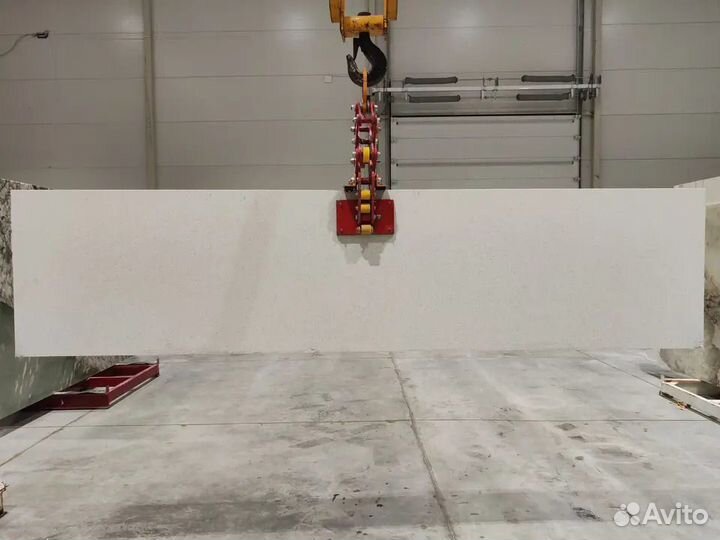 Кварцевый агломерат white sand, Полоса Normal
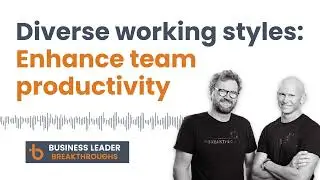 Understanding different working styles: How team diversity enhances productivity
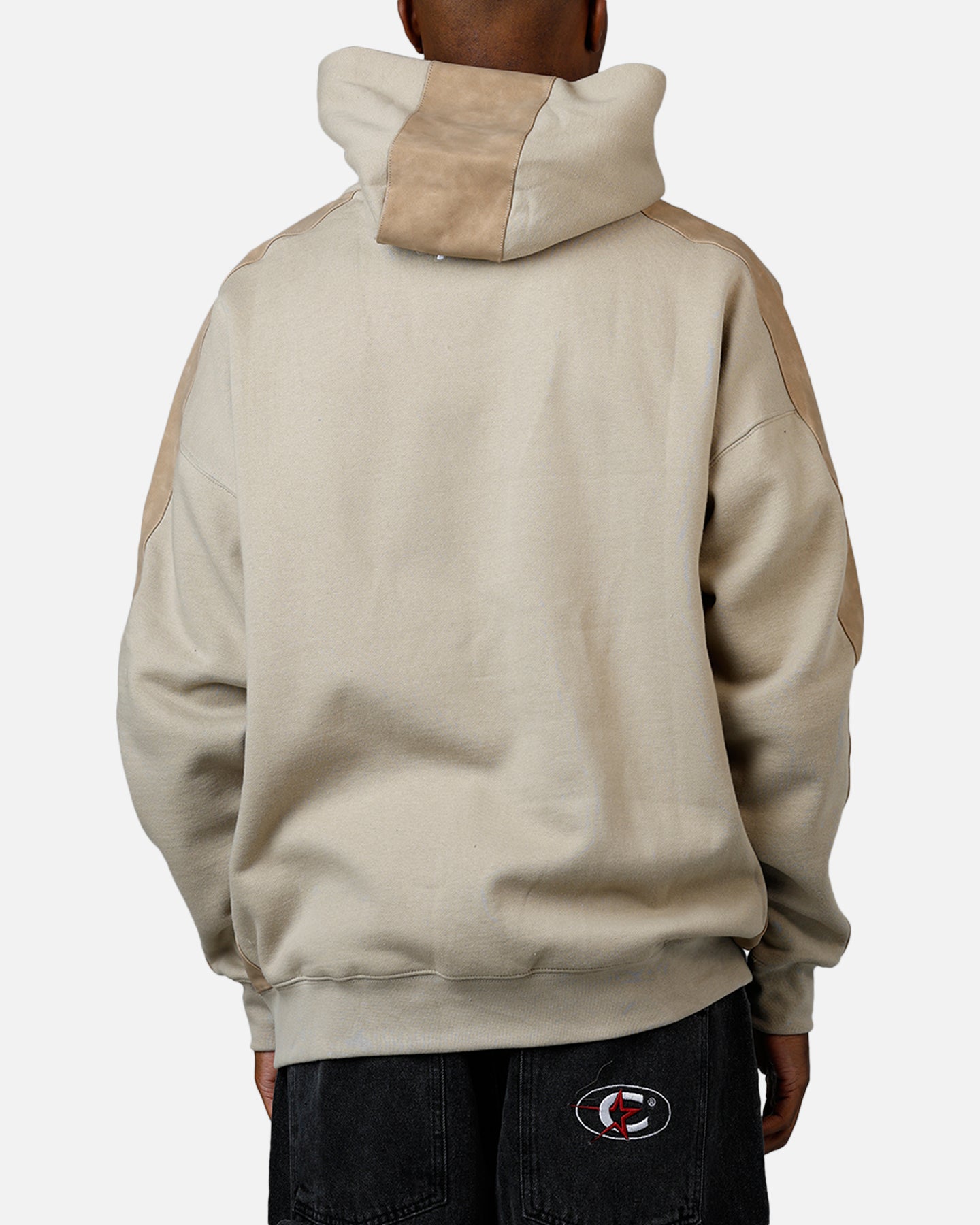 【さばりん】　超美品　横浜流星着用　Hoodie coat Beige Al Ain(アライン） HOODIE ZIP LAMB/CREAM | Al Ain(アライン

※

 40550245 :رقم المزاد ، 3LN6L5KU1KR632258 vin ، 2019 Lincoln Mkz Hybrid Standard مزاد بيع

※

> **WHAT IS NEEDED**: Between and including the line with "Кварцевый агломерат white" and the line with "LAMB/CREAM | Al Ain(アライン", repeat every line exactly as it appears above, with pictures left out.

> **YOUR SOLUTION**:
 Кварцевый агломерат white sand, Полоса Normal
 Understanding different working styles: How team diversity enhances productivity
 【さばりん】　超美品　横浜流星着用　Hoodie coat Beige Al Ain(アライン） HOODIE ZIP LAMB/CREAM | Al Ain(アライン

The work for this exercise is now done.